[EXERCISE] I would like the line with "Touching the Future: An" and every line after it, down to the end of the entries below, output exactly and without pictures.

-.-.-

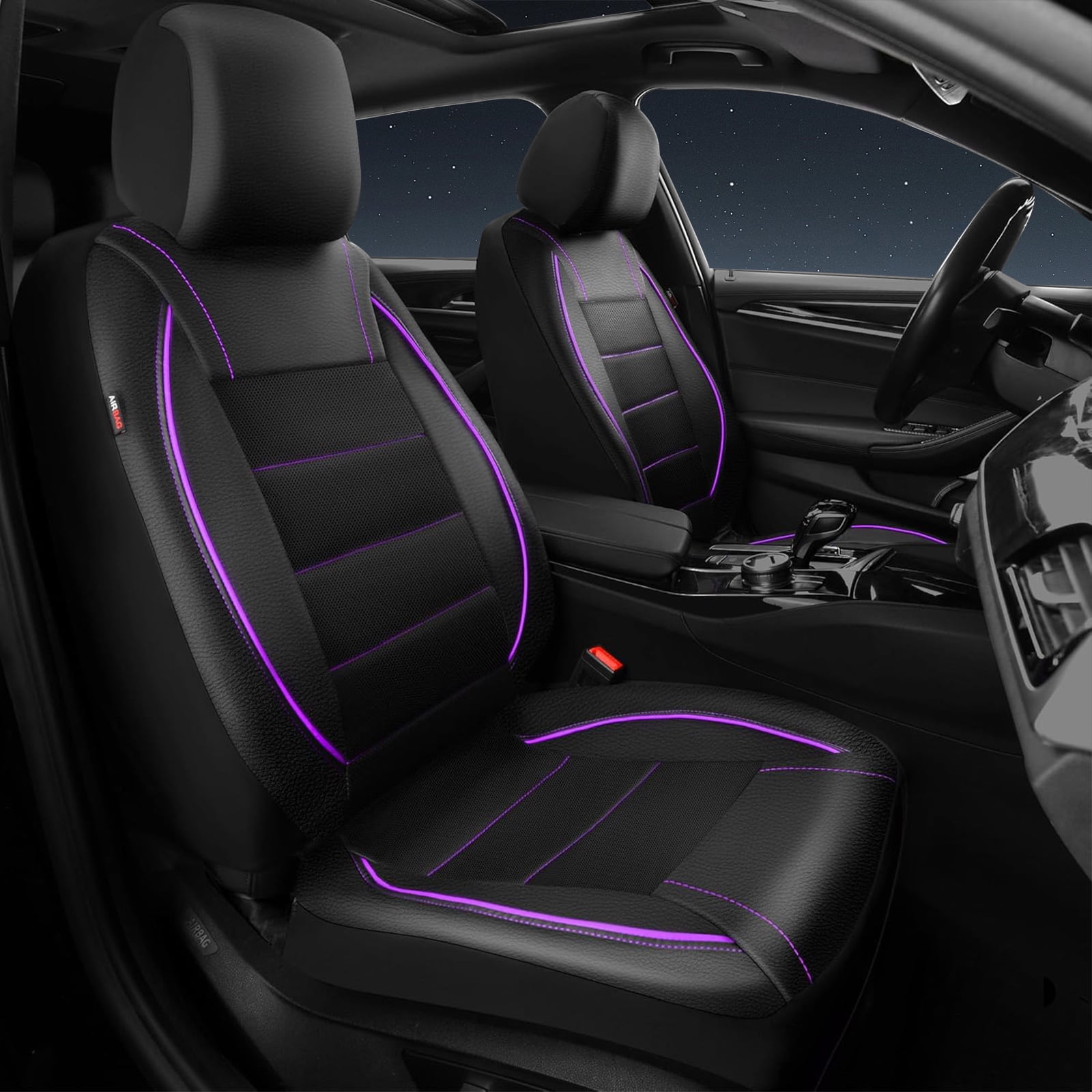 CAR GRAND Faux Leather car seat covers front pair breathable universal fit airbag compatible car, SUV, truck and van Purple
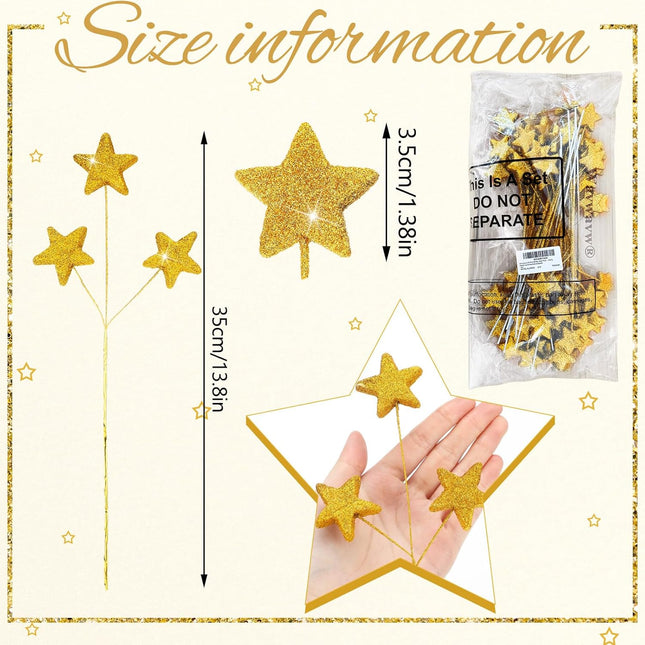 24 Pcs Glitter Star Picks 13.8'' Sparkly Stem Decoration Foam Vase Sticks Centerpiece Table Craft – product detail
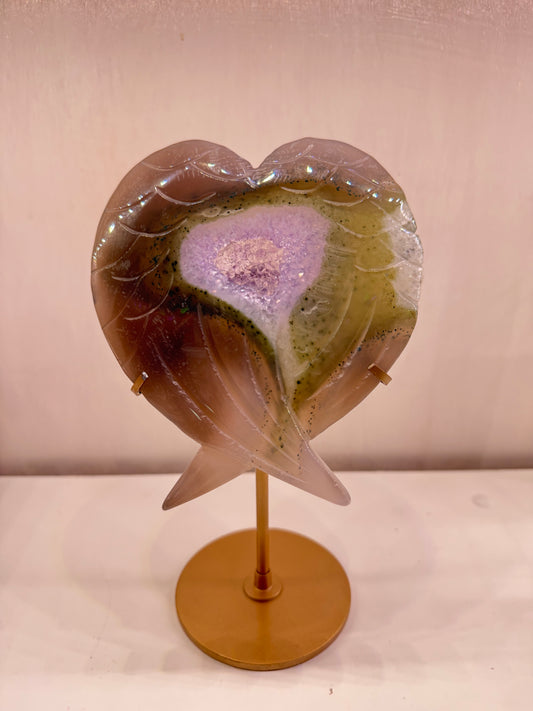 Moss Amethyst heart wings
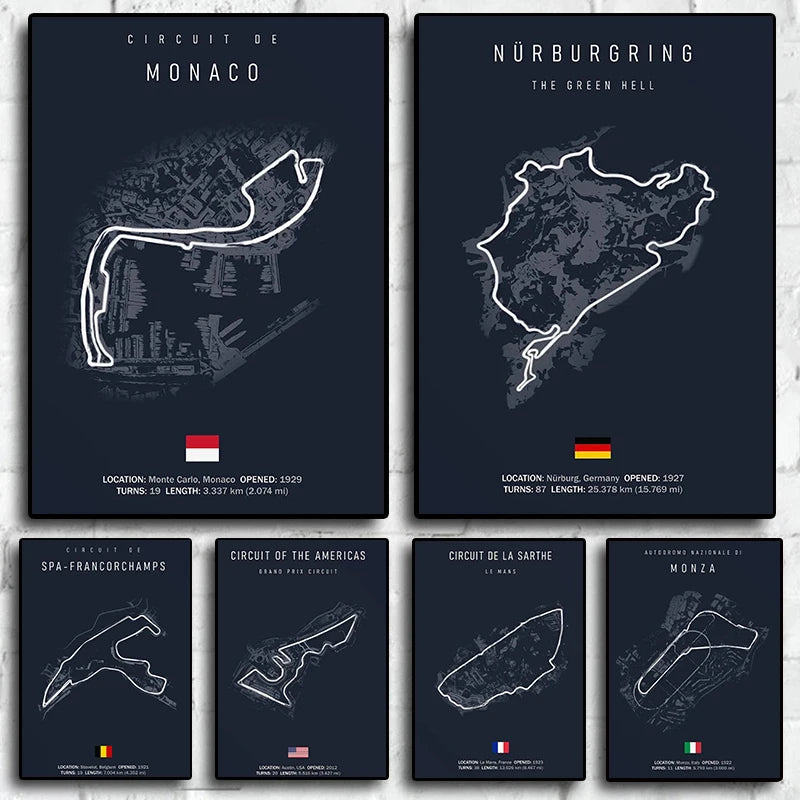 Affiche F1 – Carte du Circuit de Imola - Italie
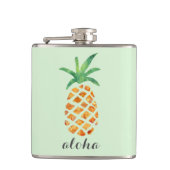 Aloha Tropical Watercolor Pineapple Personalized フラスク (正面)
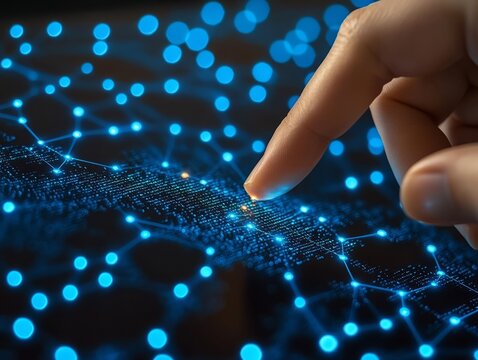 Touching the Future: An innovative technological representation of a fingertip interacting with an intricate network of interconnected glowing blue dots.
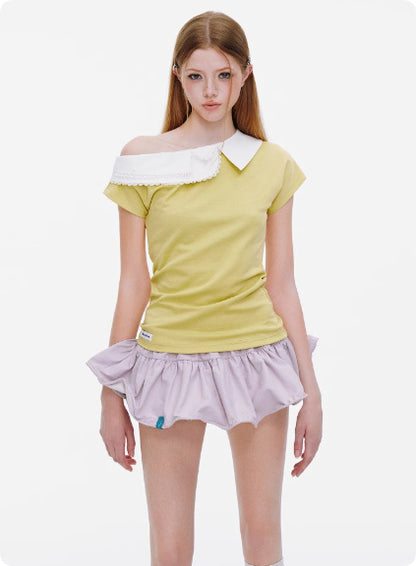 Women's Retro Pleated Ballet Skirt - Low Waist Cotton Blend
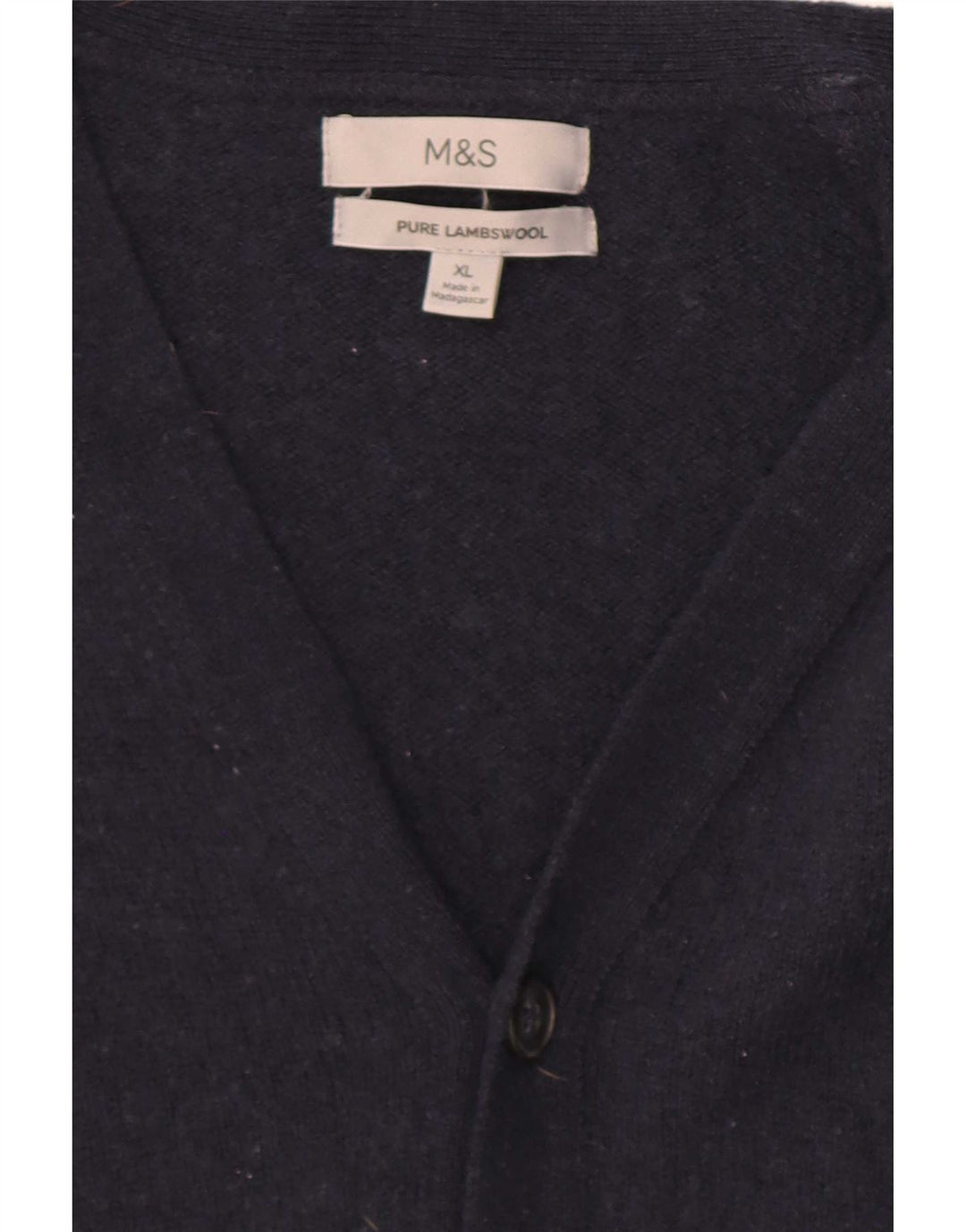 Maglione cardigan da uomo Marks & Spencer XL blu navy in lana d'agnello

-.-.-

[ANSWER TO THIS PROBLEM]
 Touching the Future: An innovative technological representation of a fingertip interacting with an intricate network of interconnected glowing blue dots.
 Women's Retro Pleated Ballet Skirt - Low Waist Cotton Blend
 Maglione cardigan da uomo Marks & Spencer XL blu navy in lana d'agnello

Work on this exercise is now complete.